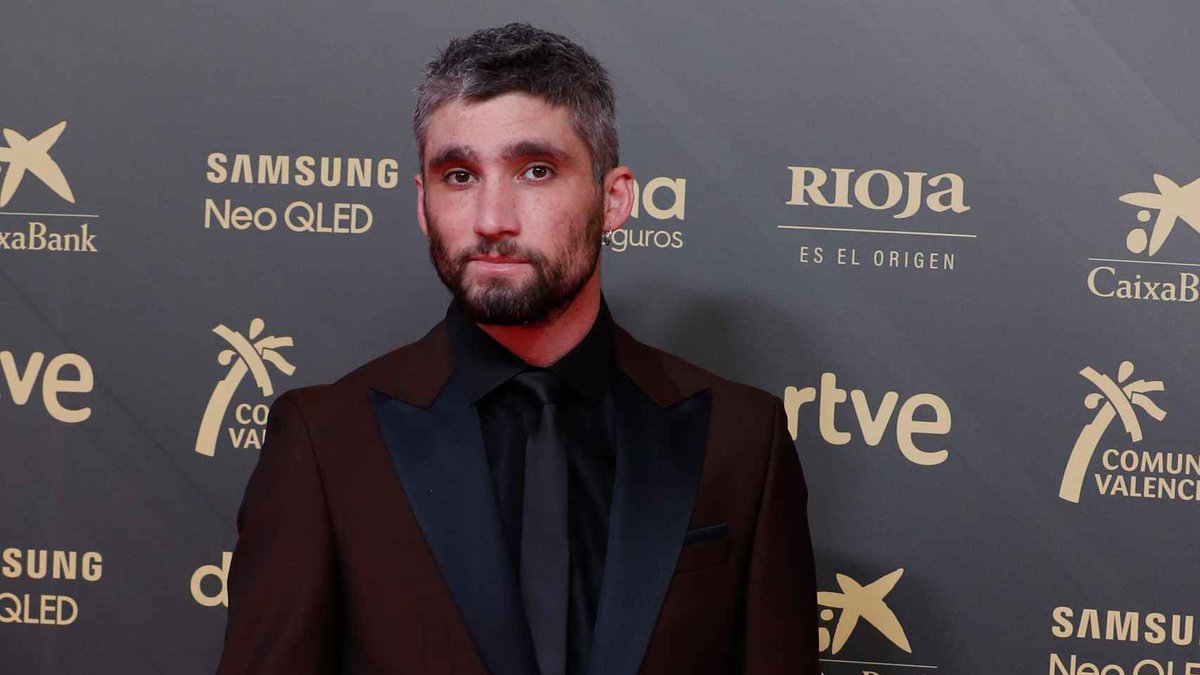 galiciaviral's tweet photo. 💙🏆 Chechu Salgado primeiro gañador GALEGO nos #Goya2022 

Goya como ACTOR REVELACIÓN por “Las leyes de la frontera” https://t.co/teHK70i3ld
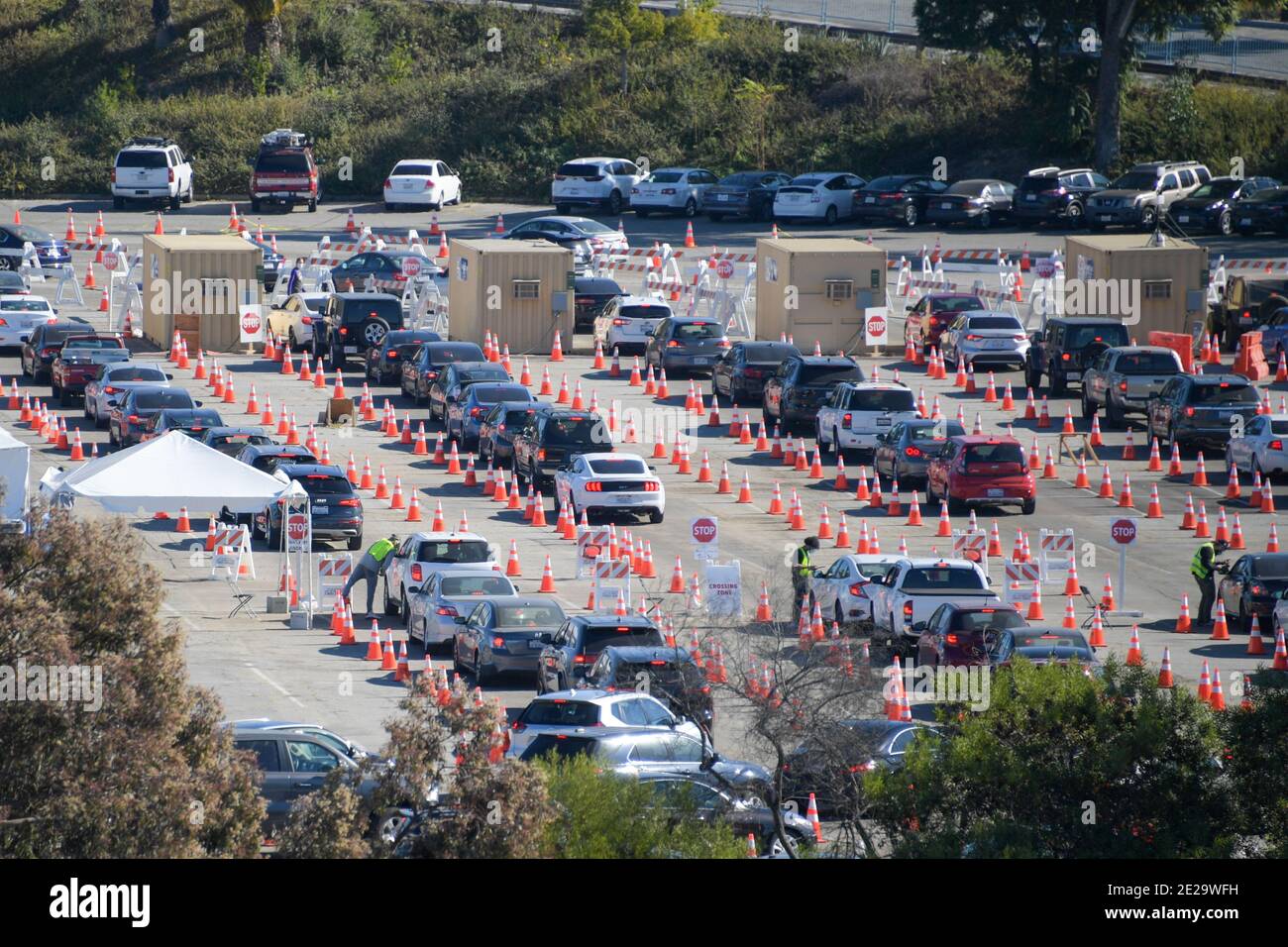 Vista generale generale del luogo di test drive-thru COVID-19 (coronavirus) presso il Dodger Stadium, lunedì 11 gennaio 2021, a Los Angeles. (Dylan Stewart/im Foto Stock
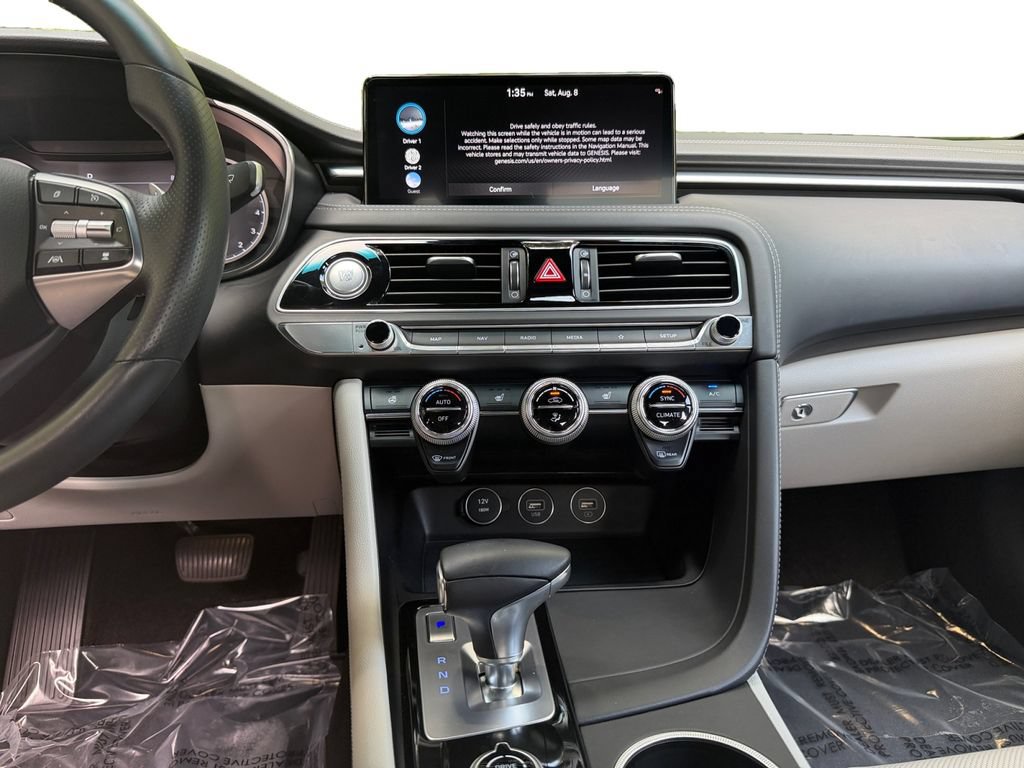 Used 2023 Genesis G70 2.0T AWD/4WD image 11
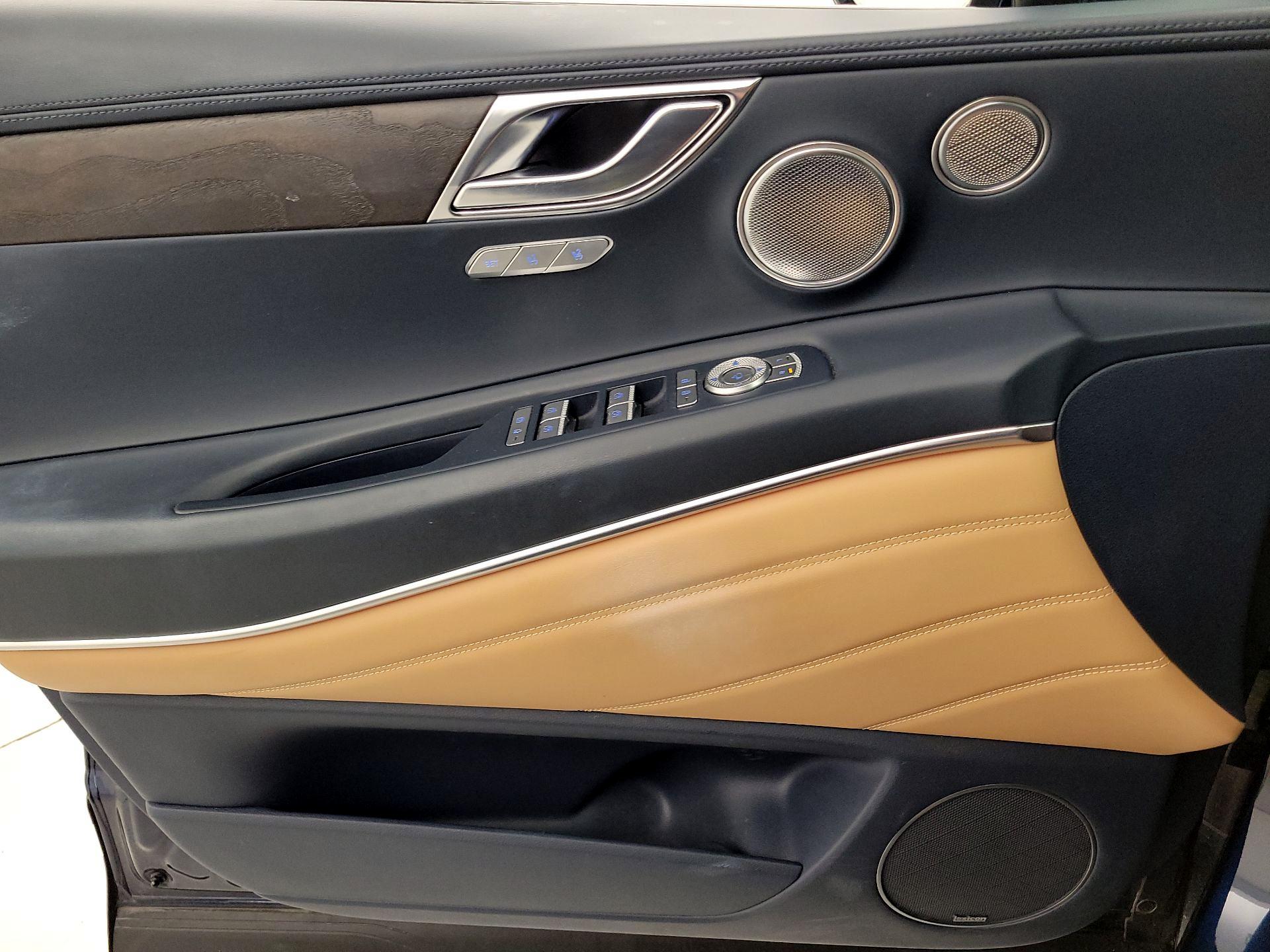 Thumbnail: 2022 Genesis GV80 - 12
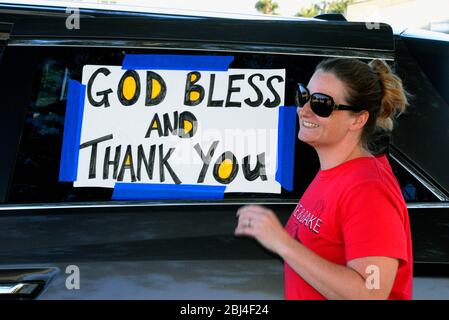 Melbourne, Floride, États-Unis. 27 avril 2020 de nombreux organismes de services publics du comté de Brevard et de la ville ont défilé devant les hôpitaux locaux de la région du comté sud pour appuyer tous les intervenants. Faire preuve de reconnaissance aux communautés pour l'ensemble de nos médecins, infirmières, employés d'hôpitaux et professionnels de la santé locaux qui prennent soin des patients pendant cette pandémie de coronavirus. Crédit photo : Julian Leek/Alay Live News Banque D'Images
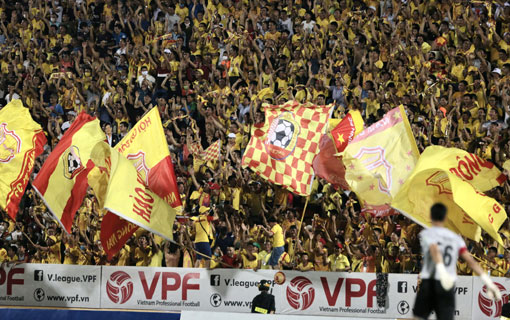 Coronavirus: Le match de reprise du football au Vietnam avec 10 000 spectateurs dans les tribunes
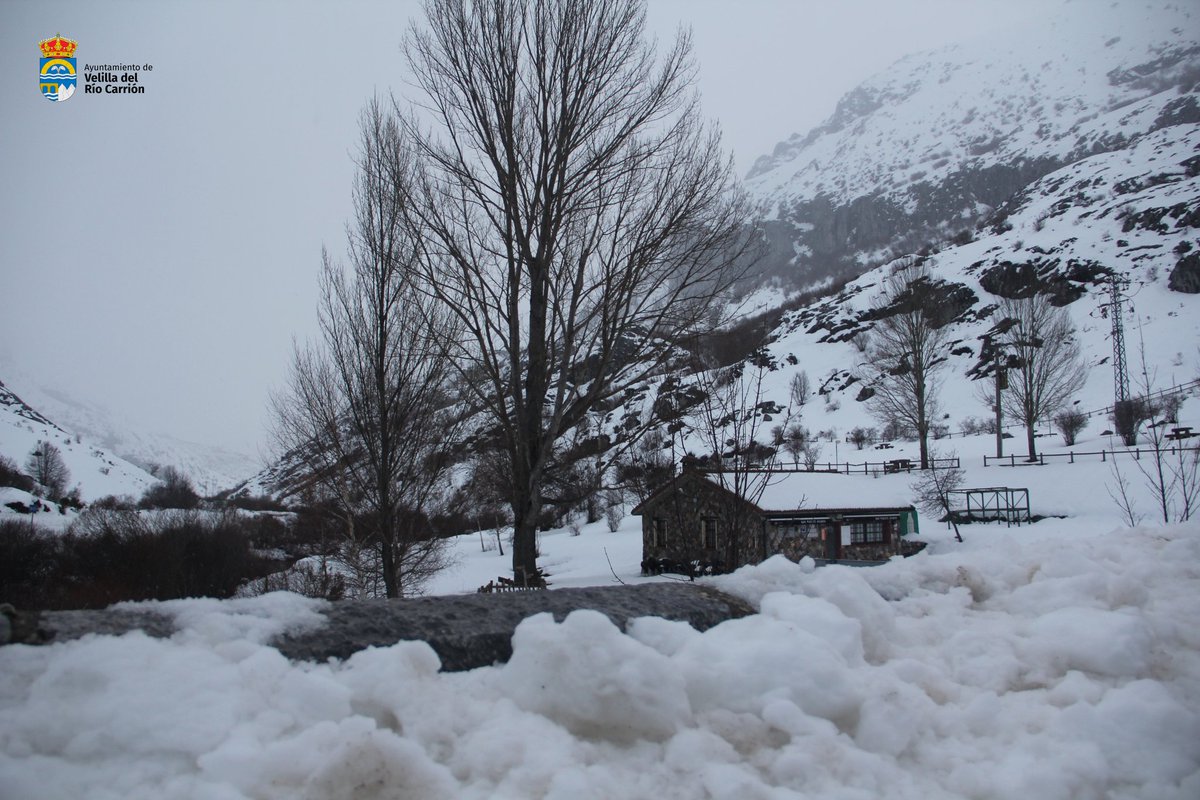 ❄️¡Buenos días! Si te apasiona la #MontañaPalentina y adoras la magia de los #paisajes con #nieve, te invitamos a descubrir a través de estas bellas imágenes algunos de los #rinconesemblemáticos de los #pueblos de #VelilladelRíoCarrión 📸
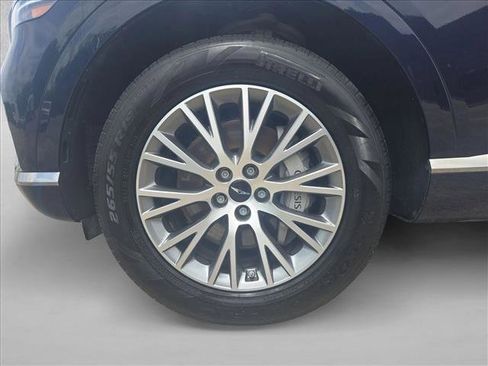 Used 2025 Genesis GV80 2.5T Standard AWD/4WD image 25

# # #

## Task description
Each entry above must be printed exactly, apart from its pictures.

## Problem solution
 galiciaviral's tweet photo. 💙🏆 Chechu Salgado primeiro gañador GALEGO nos #Goya2022 

Goya como ACTOR REVELACIÓN por “Las leyes de la frontera” https://t.co/teHK70i3ld
 Vista generale generale del luogo di test drive-thru COVID-19 (coronavirus) presso il Dodger Stadium, lunedì 11 gennaio 2021, a Los Angeles. (Dylan Stewart/im Foto Stock
 Used 2023 Genesis G70 2.0T AWD/4WD image 11
 Thumbnail: 2022 Genesis GV80 - 12
 Melbourne, Floride, États-Unis. 27 avril 2020 de nombreux organismes de services publics du comté de Brevard et de la ville ont défilé devant les hôpitaux locaux de la région du comté sud pour appuyer tous les intervenants. Faire preuve de reconnaissance aux communautés pour l'ensemble de nos médecins, infirmières, employés d'hôpitaux et professionnels de la santé locaux qui prennent soin des patients pendant cette pandémie de coronavirus. Crédit photo : Julian Leek/Alay Live News Banque D'Images
 Coronavirus: Le match de reprise du football au Vietnam avec 10 000 spectateurs dans les tribunes
 ❄️¡Buenos días! Si te apasiona la #MontañaPalentina y adoras la magia de los #paisajes con #nieve, te invitamos a descubrir a través de estas bellas imágenes algunos de los #rinconesemblemáticos de los #pueblos de #VelilladelRíoCarrión 📸
 Used 2025 Genesis GV80 2.5T Standard AWD/4WD image 25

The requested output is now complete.